Once again, Erin O'Connor at Critical Mass has posted a very interesting reader comment. The correspondent is someone who can remember the introduction of postmodernism and unorthodox curriculum into the English classroom. He puts it like this: " After 1970, we began to get courses that often strayed a long way from traditional curriculum. The same professor who was catatonia-inducing at noon on The 20th Century Novel shone teaching a non-credit course on film noir seven hours later. Can there be such a thing as a spirit of a profession? If there can be, it was tired of the rigors of scholarship in 1970, and found no joy in its rewards. New and exciting ideas had come into the room, colorfully dressed and flirting madly.
(A side note. On purely practical grounds, I have to give props to pure-theory academics who start from the premise that nothing has meaning in and of itself, and that nothing is objectively "true." If such is the case, then all the theory in the world is mere solipsism, and the practice of academic theory is a pursuit as pointless, and as sad, as building sand-castles during high tide. By their own lights, day is night, black is white, cat is dog, theory is practice, the map is as good as the territory, and their work is devoid of worth or significance. Yet they get paid for it, sometimes handsomely. A giant scam? Perhaps! Impressive chutzpah? Definitely!!)
Later in the same post, O'Connor takes to task the baseless "grandiosity" of the critical discipline, arguing that
the increasing shrillness, snobbery, and grandiosity of so much humanist scholarship can be traced directly to the attempt to argue for the social, political, and cultural relevance of the arts. And of course they are relevant--they give meaning, depth, and texture to our lives in precious, priceless ways. But they are not relevant in the ways many scholars insist that they are.

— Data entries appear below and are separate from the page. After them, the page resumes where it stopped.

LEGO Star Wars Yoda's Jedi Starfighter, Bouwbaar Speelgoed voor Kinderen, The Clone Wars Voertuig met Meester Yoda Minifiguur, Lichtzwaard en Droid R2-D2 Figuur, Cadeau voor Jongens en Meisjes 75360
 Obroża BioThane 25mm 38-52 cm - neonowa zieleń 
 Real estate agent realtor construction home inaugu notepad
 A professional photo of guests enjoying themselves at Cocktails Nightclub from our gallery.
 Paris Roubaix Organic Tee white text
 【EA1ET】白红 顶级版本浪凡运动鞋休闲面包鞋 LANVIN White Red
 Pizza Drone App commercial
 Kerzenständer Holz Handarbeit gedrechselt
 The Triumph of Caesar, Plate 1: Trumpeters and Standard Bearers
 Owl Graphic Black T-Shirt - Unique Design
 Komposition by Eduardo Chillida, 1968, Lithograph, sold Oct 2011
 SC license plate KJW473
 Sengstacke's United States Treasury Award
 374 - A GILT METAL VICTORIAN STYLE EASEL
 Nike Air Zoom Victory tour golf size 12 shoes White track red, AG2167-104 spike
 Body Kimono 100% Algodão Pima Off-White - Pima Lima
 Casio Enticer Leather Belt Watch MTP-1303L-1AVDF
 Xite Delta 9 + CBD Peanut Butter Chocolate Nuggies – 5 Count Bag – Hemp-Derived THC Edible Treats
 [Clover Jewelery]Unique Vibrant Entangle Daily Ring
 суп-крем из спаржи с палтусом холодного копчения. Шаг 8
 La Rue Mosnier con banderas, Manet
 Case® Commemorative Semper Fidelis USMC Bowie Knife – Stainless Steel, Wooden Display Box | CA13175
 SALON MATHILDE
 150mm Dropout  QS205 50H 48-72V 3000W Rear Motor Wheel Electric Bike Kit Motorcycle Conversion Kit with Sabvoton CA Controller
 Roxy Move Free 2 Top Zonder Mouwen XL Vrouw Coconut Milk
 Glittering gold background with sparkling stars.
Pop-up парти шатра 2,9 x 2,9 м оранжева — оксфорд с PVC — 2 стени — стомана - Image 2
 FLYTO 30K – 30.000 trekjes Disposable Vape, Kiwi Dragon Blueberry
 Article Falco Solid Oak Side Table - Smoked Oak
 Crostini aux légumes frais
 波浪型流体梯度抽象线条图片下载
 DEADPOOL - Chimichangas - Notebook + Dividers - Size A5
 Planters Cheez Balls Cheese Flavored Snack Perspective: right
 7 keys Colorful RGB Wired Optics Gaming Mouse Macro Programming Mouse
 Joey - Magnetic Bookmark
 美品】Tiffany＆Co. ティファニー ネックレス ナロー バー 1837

You cannot discern the ideology of imperialism from Jane Eyre--but there are scores of critics who say you can. You cannot detect a uniquely homosexual literary style in the work of a Walt Whitman or a Henry James--but there are critics who say you can. You cannot argue that a poem or story singlehandedly subverts patriarchal hegemony or that a novel or play may be read as a microcosm of the culture in which it was written. But critics do it all the time, and they do it because they want to make works of art into something they are not.
Making exaggerated, often irrelevant claims about the relevance of particular works and making those claims stick: that is the work of the professional humanist today. By and large, it's what gets rewarded, it's what gets published, and it's what gets taught.
This is true, partially, but also see commentary sent by the reader cited earlier: "It takes a good deal of effort to become a 'learned person.' You have to value the effort and the goal. If you're going to teach A Tale of Two Cities, you not only have to know the text back to front, but also have a good idea about how Dickens understood the French Revolution, how the book fit with Dickens' other work at the time of composition. . . ." The reader goes on to say how tiring this work is when compared to the sexiness of single-theory teaching.
Fair enough, but what gets lost in this discussion is that you need both. In small amounts postmodernism can be incredibly handy, but it must support a rigorously, even tiresomely, researched argument. Of course it's not true that you can comprehend the entire edifice of British imperialism from analyzing Jane Eyre, but you can make a start of it. By carefully placing cultural artifacts or moments in their context, and by creatively teasing out hints and rumors of hidden meaning and unspoken motive, you can get very close to the heart and spirit of a time and place. Kipling's writing is an excellent example. If you take him at face value, you get a coherent, yet distorted view of British imperial-era thought. You get Kipling's view. But if you examine the context around Kipling, his writing, his life, and his history, you can use his work as a base on which to build a more accurate picture.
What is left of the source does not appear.